Stratégie de traitement

• C’est le patient qui gère la réduction de la posologie. Si un syndrome de sevrage survient lors des réductions de dose de l’hypnotique, revenir au palier précédent et ne « descendre » au palier inférieur que si le sommeil est stable.

• Ne pas se décourager. Un sevrage peut être long mais une diminution des doses, à défaut un arrêt rapide, est déjà un bénéfice.

Hygiène du sommeil

• La durée de sommeil nécessaire à la récupération de l’organisme est propre à chacun mais des règles sont valables pour tous : se coucher lorsque le besoin de sommeil se fait ressentir (paupières lourdes, bâillements…), se lever à une heure régulière sans grasses matinées le week-end, s’exposer tôt à la lumière du jour, pratiquer une activité sportive mais pas dans les heures précédant le coucher…

• Se ménager une période de calme 30 minutes avant le coucher, sans écrans ou activité stimulante, en diminuant le bruit et l’intensité de l’éclairage.

• Ritualiser le moment du coucher possède des effets rassurants : lire, écouter de la musique, boire une infusion de plantes relaxantes (voir ci-dessous).

Vente associée

Des plantes relaxantes : Herbesan bio Relaxation, Mediflor Sommeil n° 14… Proposer une autre mélatonine LP si besoin, parfois associée à des plantes et/ou du magnésium : ArkoRelax Sommeil fort, SomniRegul LP, Easynight…

Prescription

Dr P., psychiatre. M. T., 45 ans, 1,80 m, 72 kg.

• Zopiclone (Imovane) 7,5 mg

3/4 de comprimé pendant 15 jours, puis 1/2 comprimé pendant 15 jours, puis 1/4 de comprimé pendant 15 jours, puis arrêt.

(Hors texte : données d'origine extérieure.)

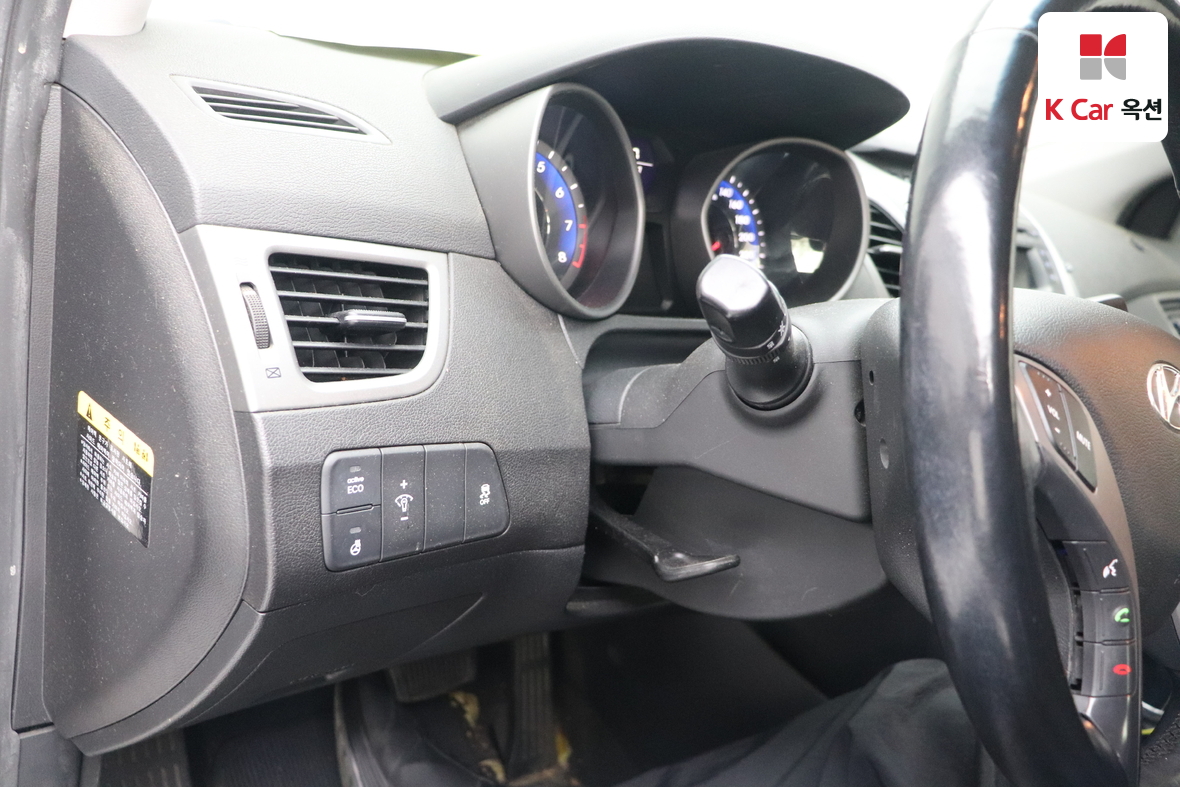 Hyundai Elantra 2015 - Image 9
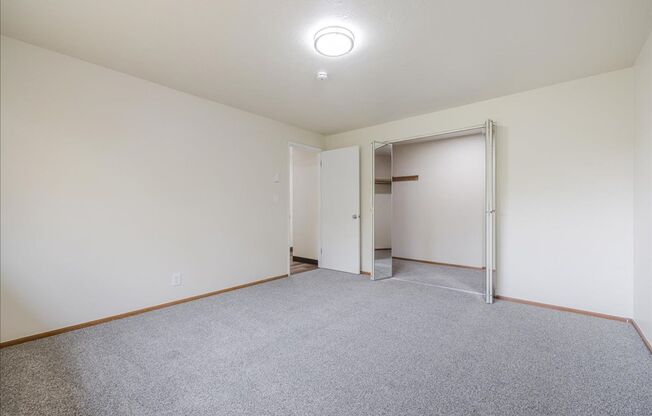 2 beds, 1 bath, 900 sqft, $1,175, Unit 2305-10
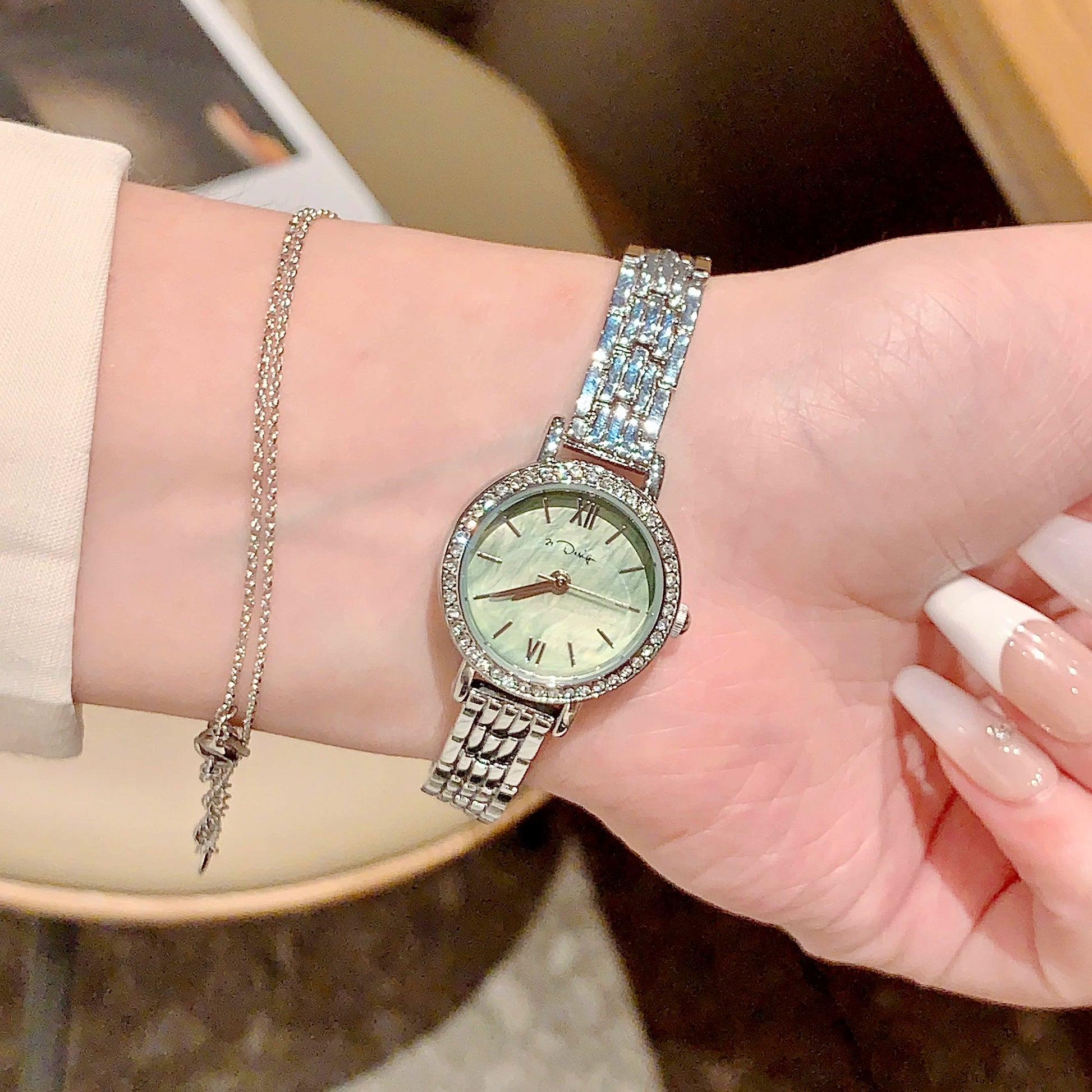 Pearl Bracelet Watch - Style 21 Round Small Diamonds / Green Dial [H3KITV2L]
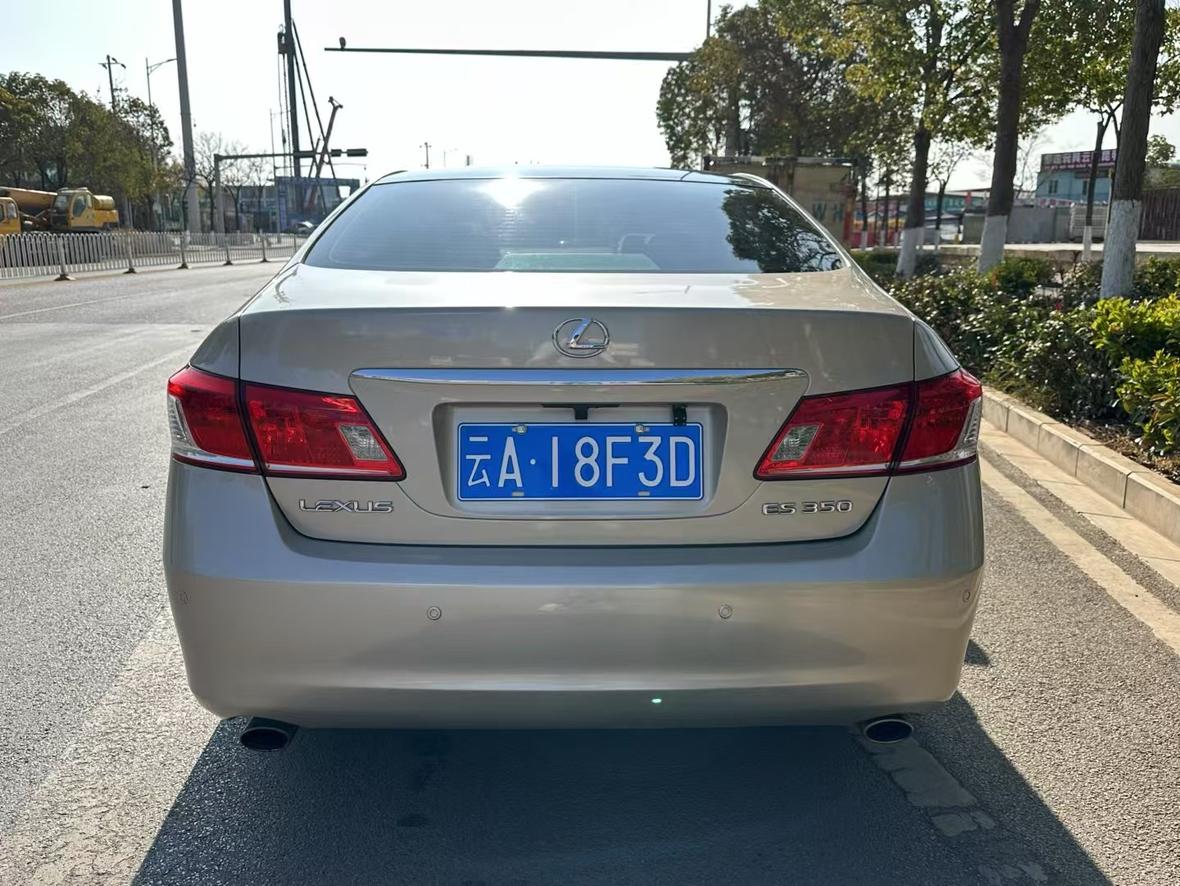 Lexus ES 2010 thumb 3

Paliers à adapter par le patient.

• Mélatonine à libération prolongée type Chronobiane LP 1,9 mg. 1 cp 30 minutes avant le coucher pendant 1 mois. À renouveler.

Info +

→ Trouver une aide en cas de problèmes de sommeil : un centre de sommeil (liste sur le site institut-sommeilvigilance. org) ou un praticien formé à la pratique des thérapies comportementales et cognitives (TCC) (liste sur le site aftcc.org).

Le patient me demande

« En quoi consiste exactement une TCC ? »

L’objectif est de faire la chasse aux idées fausses sur le sommeil par une approche cognitive - se dire que, coûte que coûte, il faut huit heures de sommeil pour se sentir bien - et de rétablir une bonne relation sommeil-lit via des techniques comportementales. Par exemple, gérer un réveil nocturne en ne restant pas au lit plus de 20 minutes, se lever à un horaire fixe… Ces changements sont difficiles d’autant qu’un insomniaque recherche le sommeil à tout prix ! D’où l’importance d’être accompagné (voir Info+). Le nombre de séances, sur plusieurs semaines ou mois, dépend de chacun.